• WHAT THIS TASK INVOLVES: While you copy the lines below, skip the pictures and keep the rest exact.

• SOURCE MATERIAL:
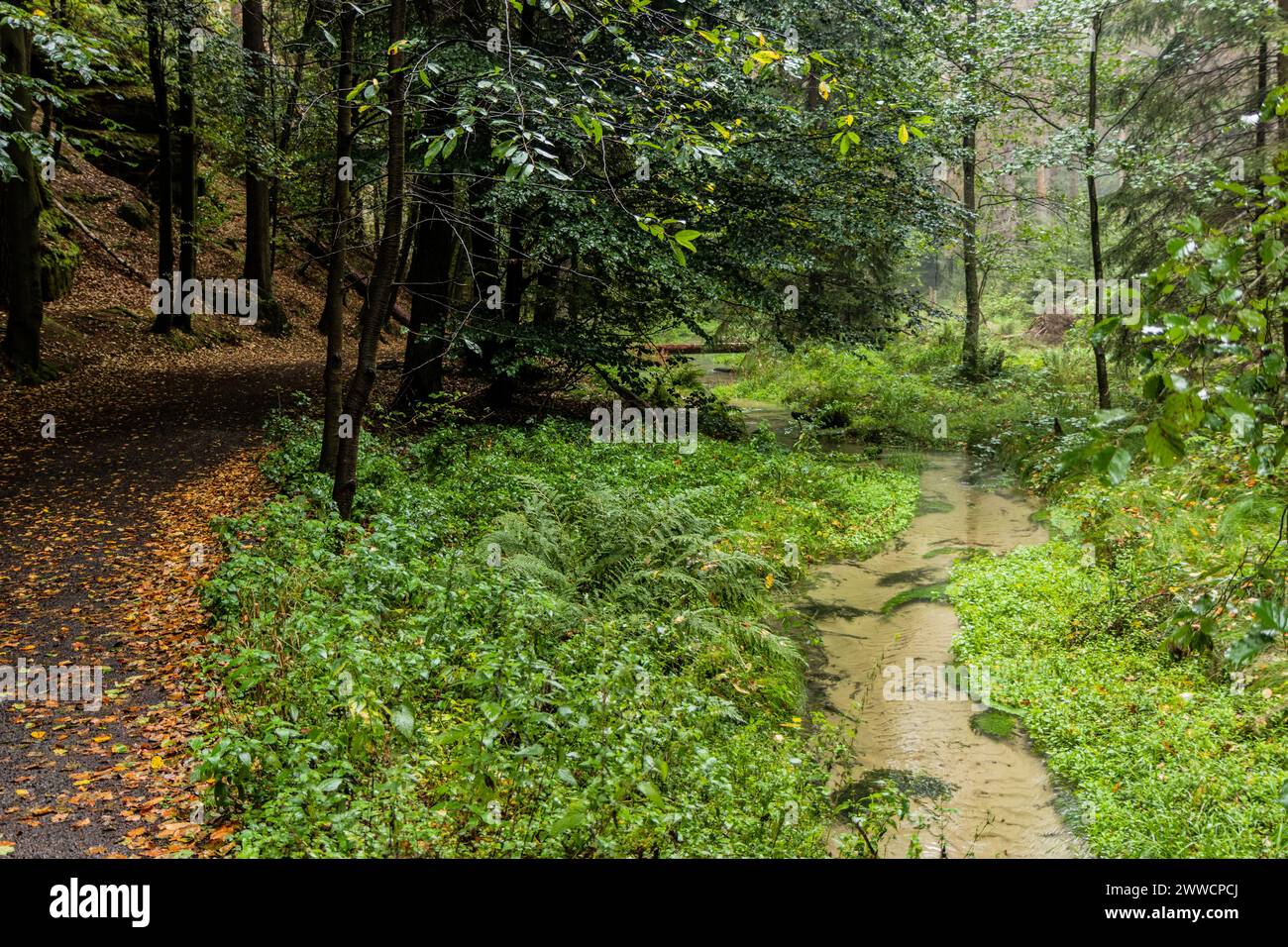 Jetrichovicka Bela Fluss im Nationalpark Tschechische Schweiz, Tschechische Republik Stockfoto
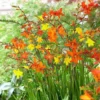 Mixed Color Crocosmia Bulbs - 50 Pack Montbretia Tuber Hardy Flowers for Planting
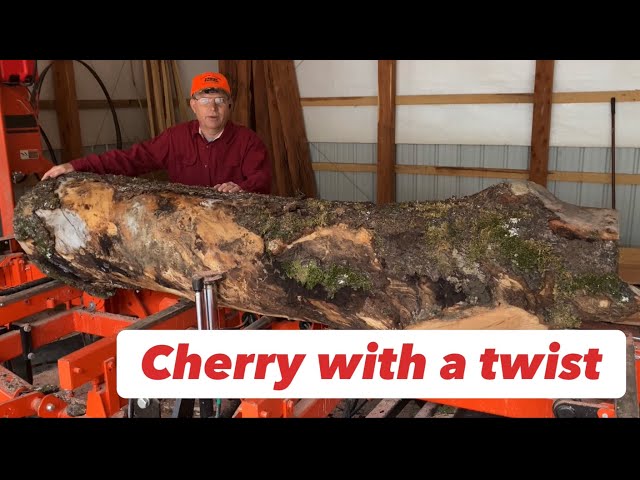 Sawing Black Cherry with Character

• ANSWER TO THIS TASK:
 Jetrichovicka Bela Fluss im Nationalpark Tschechische Schweiz, Tschechische Republik Stockfoto
 Mixed Color Crocosmia Bulbs - 50 Pack Montbretia Tuber Hardy Flowers for Planting
 Sawing Black Cherry with Character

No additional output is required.